« Sérieuse et évolutive, mais maîtrisable » : le Dr Samir Abdelmoumen résume ainsi la situation en Tunisie. La jeune démocratie fut pourtant la première des cinq nations qui composent le Maghreb arabe à maîtriser la pandémie. Au point d’être le seul pays de la région à rouvrir ses frontières le 27 juin, « une décision politique et non scientifique », précise-t-il. Au Maroc, situation inverse : l’état d’urgence sanitaire a été prolongé, les frontières demeureront fermées jusqu’au 10 septembre au minimum. Le nombre de cas enregistrés chaque jour par Rabat est six fois supérieur au plus haut du mois d’avril. À Alger, la situation est jugée « stable », malgré des chiffres trois fois supérieurs à ceux pointés en avril. Le pays est confronté à une flambée des cas depuis début juillet.

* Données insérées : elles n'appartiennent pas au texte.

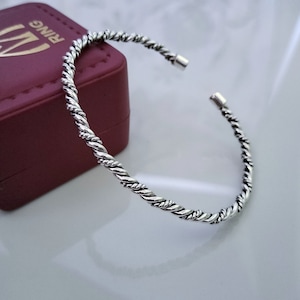 Puede incluir: Un brazalete de plata trenzado. El brazalete está abierto y tiene un diseño sencillo.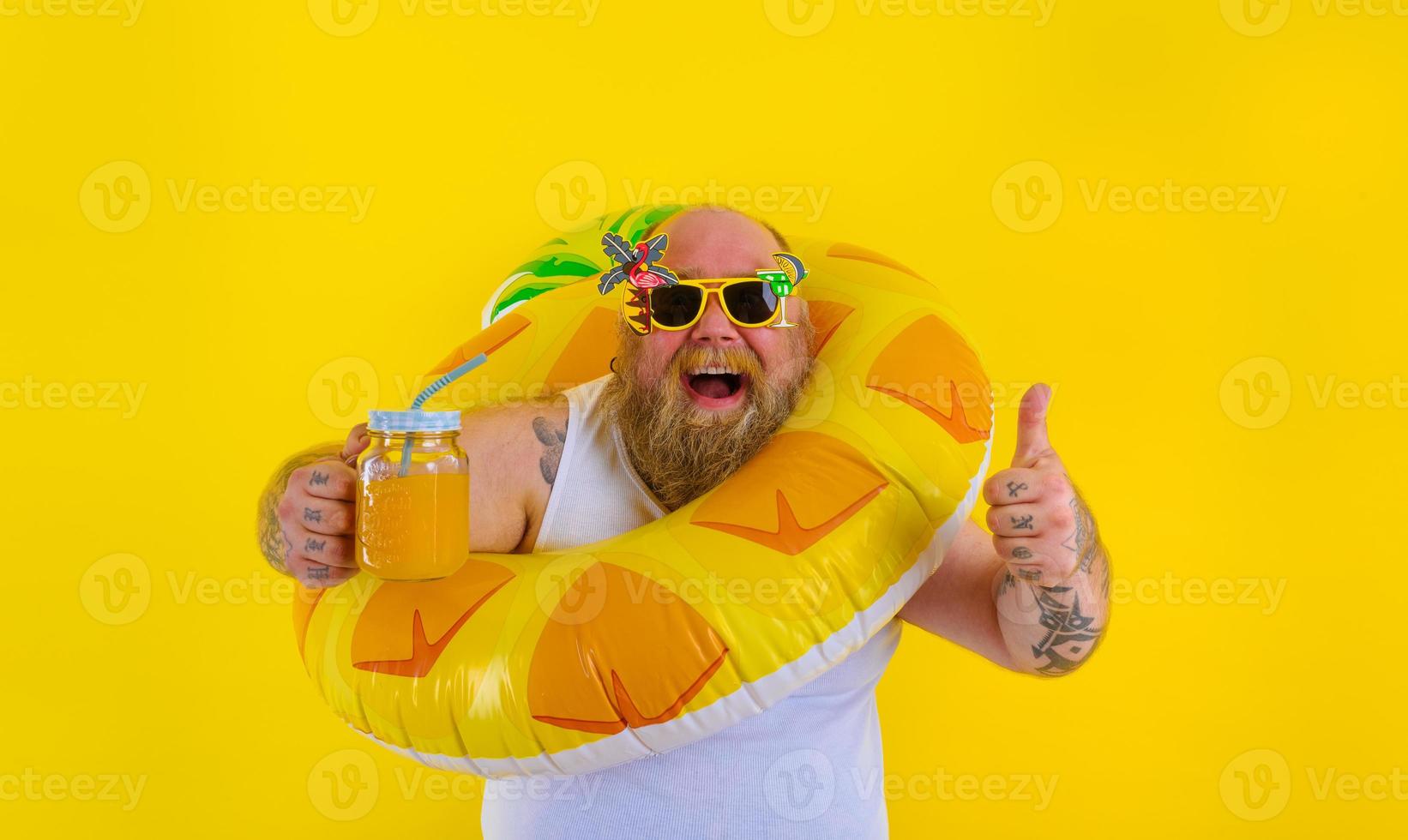 Fat happy man with wig in head is ready to swim with a donut lifesaver photo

Vives préoccupations au Maroc
Si l’Algérie monopolisait les inquiétudes, Rabat a désormais le leadership en la matière. Saïd Ahmidouch, wali de la région de Casablanca-Settat, première région du pays, concentrant 20 % de la population et près de 30 % du PIB, affirmait il y a peu que la région vivait une « situation particulièrement difficile », flirtant avec les 400 cas par jour. Celui qui est également gouverneur de la préfecture de Casablanca expliquait que les malades arrivaient trop tardivement dans les hôpitaux. Plusieurs facteurs expliquent cette envolée : une partie du tissu industriel a poursuivi son activité, le système de soins est inégalement réparti sur le territoire, le délai entre une suspicion de cas et le résultat du test atteint sept jours.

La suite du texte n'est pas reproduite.